## Assignment
Repeat exactly, and only, the lines from the one containing "Doglay high-visibility reflective" through the end of the records.

## Given entries

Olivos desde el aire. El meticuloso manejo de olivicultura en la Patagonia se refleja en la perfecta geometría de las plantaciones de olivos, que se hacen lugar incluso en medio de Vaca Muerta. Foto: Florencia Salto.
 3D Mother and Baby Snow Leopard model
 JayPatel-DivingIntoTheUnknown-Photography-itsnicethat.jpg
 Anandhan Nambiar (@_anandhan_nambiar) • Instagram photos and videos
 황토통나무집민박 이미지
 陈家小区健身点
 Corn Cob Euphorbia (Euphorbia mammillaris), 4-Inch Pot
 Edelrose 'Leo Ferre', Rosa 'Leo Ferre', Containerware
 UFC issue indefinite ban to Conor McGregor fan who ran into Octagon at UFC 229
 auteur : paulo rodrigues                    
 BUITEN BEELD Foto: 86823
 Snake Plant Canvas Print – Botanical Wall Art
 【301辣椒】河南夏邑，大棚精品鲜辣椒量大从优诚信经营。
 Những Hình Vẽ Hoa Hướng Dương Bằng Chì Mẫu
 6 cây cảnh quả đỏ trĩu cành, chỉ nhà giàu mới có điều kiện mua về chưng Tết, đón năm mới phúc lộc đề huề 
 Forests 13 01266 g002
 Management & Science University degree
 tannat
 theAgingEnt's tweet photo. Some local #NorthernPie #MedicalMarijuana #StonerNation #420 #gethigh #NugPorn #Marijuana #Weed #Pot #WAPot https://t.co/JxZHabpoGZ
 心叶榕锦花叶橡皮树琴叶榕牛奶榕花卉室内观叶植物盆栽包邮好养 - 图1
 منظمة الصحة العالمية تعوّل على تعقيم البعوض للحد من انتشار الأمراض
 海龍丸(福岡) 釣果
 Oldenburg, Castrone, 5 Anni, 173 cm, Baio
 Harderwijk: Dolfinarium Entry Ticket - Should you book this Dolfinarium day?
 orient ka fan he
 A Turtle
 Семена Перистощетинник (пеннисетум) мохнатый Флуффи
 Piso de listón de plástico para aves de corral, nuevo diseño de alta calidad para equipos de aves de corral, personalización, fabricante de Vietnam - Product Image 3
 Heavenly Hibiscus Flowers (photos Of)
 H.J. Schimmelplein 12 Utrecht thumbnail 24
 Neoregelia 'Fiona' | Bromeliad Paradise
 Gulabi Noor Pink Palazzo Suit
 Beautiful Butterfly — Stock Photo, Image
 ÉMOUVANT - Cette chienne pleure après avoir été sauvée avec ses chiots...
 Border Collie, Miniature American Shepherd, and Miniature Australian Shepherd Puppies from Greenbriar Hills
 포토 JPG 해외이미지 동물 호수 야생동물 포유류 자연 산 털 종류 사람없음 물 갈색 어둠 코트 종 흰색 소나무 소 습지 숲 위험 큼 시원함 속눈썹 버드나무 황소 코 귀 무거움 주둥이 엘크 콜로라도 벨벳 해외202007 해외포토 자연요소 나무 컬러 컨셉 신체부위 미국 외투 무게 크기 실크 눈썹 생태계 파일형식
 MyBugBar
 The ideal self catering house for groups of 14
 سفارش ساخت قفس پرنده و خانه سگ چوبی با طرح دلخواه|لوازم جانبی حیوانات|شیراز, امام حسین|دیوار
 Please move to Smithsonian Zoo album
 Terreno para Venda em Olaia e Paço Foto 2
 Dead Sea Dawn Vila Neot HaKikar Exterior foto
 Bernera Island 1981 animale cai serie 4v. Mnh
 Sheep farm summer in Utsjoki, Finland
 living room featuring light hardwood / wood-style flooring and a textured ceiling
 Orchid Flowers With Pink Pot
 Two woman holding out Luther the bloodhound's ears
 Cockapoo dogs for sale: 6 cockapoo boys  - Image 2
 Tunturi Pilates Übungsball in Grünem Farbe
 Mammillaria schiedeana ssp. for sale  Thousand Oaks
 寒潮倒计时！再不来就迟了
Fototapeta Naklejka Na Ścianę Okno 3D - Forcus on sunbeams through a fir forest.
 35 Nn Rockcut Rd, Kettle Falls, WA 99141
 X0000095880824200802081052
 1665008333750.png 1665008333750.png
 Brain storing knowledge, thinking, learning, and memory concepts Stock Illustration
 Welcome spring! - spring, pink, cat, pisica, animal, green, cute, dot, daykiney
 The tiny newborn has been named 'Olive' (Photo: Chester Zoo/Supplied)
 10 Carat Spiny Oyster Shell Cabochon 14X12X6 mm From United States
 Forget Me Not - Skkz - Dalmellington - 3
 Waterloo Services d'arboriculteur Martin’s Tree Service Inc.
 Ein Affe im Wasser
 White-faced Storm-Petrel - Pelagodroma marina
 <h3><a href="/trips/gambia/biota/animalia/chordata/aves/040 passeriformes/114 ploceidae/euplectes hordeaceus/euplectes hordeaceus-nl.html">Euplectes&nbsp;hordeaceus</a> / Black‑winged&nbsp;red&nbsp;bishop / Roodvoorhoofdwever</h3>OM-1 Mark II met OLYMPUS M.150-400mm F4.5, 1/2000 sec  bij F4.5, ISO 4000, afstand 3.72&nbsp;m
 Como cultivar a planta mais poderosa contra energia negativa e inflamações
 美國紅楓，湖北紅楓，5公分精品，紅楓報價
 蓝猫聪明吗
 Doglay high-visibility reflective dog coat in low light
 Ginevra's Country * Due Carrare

## Answer below
 Doglay high-visibility reflective dog coat in low light
 Ginevra's Country * Due Carrare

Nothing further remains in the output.